Form 8-K

 

 

UNITED STATES

SECURITIES AND EXCHANGE COMMISSION

Washington, D.C. 20549

 

 

FORM 8-K

 

 

CURRENT REPORT

Pursuant to Section 13 or 15(d)

of the Securities Exchange Act of 1934

Date of Report (Date of earliest event reported): February 19, 2014

 

 

DEVON ENERGY CORPORATION

(Exact Name of Registrant as Specified in its Charter)

 

 

 

DELAWARE   001-32318   73-1567067

(State or Other Jurisdiction

of Incorporation or Organization)

 

(Commission

File Number)

 

(IRS Employer

Identification Number)

 

333 West Sheridan Avenue, Oklahoma City, Oklahoma   73102-5015
(Address of Principal Executive Offices)   (Zip Code)
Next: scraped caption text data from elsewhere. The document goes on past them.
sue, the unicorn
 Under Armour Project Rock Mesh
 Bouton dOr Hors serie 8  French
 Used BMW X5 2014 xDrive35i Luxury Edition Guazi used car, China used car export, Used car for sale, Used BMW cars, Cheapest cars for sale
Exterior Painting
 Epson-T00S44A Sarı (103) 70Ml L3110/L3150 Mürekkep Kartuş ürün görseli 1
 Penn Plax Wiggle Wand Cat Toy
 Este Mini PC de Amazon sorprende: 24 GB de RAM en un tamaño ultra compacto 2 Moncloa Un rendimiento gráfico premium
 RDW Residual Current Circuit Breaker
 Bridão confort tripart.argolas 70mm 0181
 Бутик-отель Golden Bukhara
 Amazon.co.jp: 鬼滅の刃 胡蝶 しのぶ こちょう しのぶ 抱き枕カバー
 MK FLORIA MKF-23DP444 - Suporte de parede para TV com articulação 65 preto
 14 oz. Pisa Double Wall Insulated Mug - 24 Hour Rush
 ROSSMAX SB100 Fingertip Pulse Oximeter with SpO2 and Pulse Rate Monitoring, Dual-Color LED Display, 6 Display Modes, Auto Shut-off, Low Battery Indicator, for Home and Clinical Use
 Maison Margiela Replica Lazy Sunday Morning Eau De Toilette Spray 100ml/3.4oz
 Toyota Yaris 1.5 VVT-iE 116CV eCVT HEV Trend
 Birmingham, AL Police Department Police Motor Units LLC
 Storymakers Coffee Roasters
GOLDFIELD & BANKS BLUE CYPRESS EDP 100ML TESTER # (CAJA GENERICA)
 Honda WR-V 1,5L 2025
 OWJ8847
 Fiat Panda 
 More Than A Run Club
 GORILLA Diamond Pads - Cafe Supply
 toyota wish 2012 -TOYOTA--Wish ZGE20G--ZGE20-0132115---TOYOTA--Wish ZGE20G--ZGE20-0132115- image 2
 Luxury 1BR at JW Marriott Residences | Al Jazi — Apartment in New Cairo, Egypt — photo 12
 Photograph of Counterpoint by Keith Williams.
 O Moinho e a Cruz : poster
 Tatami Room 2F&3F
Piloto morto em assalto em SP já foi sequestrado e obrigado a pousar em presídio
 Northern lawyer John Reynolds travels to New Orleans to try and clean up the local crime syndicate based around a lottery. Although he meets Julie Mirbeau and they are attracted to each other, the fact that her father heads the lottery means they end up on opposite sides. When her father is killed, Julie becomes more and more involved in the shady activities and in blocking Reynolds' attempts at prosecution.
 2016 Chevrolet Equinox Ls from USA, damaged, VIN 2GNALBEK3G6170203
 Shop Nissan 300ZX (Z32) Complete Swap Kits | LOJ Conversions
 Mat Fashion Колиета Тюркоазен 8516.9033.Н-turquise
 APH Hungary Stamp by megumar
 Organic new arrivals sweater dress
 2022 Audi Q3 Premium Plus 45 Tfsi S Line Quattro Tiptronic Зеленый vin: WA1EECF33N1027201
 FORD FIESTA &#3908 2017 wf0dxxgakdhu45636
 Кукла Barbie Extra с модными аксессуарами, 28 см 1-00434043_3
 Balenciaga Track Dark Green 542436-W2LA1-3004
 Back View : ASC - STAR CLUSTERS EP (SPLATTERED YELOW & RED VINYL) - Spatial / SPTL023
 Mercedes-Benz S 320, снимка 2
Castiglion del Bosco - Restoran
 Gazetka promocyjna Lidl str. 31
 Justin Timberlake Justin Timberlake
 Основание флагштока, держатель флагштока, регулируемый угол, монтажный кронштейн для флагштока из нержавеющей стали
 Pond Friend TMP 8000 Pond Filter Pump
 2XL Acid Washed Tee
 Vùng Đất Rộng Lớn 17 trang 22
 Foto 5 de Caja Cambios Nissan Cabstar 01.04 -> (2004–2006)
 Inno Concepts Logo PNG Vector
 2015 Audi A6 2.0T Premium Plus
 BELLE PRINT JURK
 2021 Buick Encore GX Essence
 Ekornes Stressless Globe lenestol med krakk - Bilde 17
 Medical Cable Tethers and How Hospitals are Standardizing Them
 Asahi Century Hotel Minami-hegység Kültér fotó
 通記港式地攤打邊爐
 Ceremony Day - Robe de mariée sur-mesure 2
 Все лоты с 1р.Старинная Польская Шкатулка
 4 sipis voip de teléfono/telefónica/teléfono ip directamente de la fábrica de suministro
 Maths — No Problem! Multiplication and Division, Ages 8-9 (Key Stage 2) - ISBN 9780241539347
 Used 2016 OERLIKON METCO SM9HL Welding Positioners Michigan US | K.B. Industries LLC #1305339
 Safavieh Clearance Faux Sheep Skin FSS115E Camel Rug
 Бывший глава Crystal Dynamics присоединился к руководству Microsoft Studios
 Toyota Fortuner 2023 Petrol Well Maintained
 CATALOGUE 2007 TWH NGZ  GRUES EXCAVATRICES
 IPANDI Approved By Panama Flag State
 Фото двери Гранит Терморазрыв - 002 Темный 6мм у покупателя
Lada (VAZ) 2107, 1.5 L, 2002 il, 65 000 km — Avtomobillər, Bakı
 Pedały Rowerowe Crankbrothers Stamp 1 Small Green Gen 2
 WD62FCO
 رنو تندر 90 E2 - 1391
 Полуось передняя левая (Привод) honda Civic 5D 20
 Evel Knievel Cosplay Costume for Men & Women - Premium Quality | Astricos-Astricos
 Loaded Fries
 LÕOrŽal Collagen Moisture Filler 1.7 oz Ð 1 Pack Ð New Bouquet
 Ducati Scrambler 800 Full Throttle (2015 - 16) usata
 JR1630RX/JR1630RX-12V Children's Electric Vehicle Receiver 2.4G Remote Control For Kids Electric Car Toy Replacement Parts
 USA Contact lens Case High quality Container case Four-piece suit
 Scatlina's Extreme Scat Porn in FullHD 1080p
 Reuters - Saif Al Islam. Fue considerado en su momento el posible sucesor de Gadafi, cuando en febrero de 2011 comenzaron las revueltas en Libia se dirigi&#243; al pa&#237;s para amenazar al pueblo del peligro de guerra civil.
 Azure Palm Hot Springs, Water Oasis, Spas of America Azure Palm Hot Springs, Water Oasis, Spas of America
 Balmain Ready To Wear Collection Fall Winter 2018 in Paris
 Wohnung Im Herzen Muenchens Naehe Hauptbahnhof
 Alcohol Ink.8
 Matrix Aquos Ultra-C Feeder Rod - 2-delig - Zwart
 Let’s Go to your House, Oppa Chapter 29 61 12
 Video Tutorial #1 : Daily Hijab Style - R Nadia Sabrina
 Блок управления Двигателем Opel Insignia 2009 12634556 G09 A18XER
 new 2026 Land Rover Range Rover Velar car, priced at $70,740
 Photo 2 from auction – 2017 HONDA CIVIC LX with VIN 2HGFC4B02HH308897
Registrant’s telephone number, including area code: (405) 235-3611

 

 

Check the appropriate box below if the Form 8-K filing is intended to simultaneously satisfy the filing obligation of the registrant under any of the following provisions:

 

¨ Written communications pursuant to Rule 425 under the Securities Act (17 CFR 230.425)

 

¨ Soliciting material pursuant to Rule 14a-12 under the Exchange Act (17 CFR 240.14a-12)

 

¨ Pre-commencement communications pursuant to Rule 14d-2(b) under the Exchange Act (17 CFR 240.14d-2(b))

 

¨ Pre-commencement communications pursuant to Rule 13e-4(c) under the Exchange Act (17 CFR 240.13e-4(c))

 

 

 


Item 7.01. Regulation FD Disclosure

In accordance with General Instruction B.2. of Form 8-K, the information presented herein under Item 7.01 shall not be deemed “filed” for purposes of Section 18 of the Securities Exchange Act of 1934, as amended (the “Exchange Act”), nor shall it be deemed incorporated by reference in any filing under the Exchange Act or Securities Act of 1933, as amended, except as expressly set forth by specific reference in such a filing. Except as noted, our financial forecasts included in this report assume the successful closing of our planned $6 billion acquisition of Eagle Ford Shale assets from GeoSouthern Energy Corporation, which is expected to close in the first quarter of 2014. Our financial forecasts also assume the completion of planned divestitures of certain non-core assets on or around year-end 2014. As we complete divestiture transactions, we will update our financial forecasts. In addition, our financial forecasts in this report include 100% of the amounts attributable to the operation of our planned new midstream business with Crosstex Energy, Inc. (“EnLink”) subsequent to the consummation of the transaction, which is expected to close in in the first quarter of 2014. However, subsequent to the consummation of the EnLink transaction, our net earnings will be reduced by the portion of net earnings attributable to noncontrolling interests in EnLink.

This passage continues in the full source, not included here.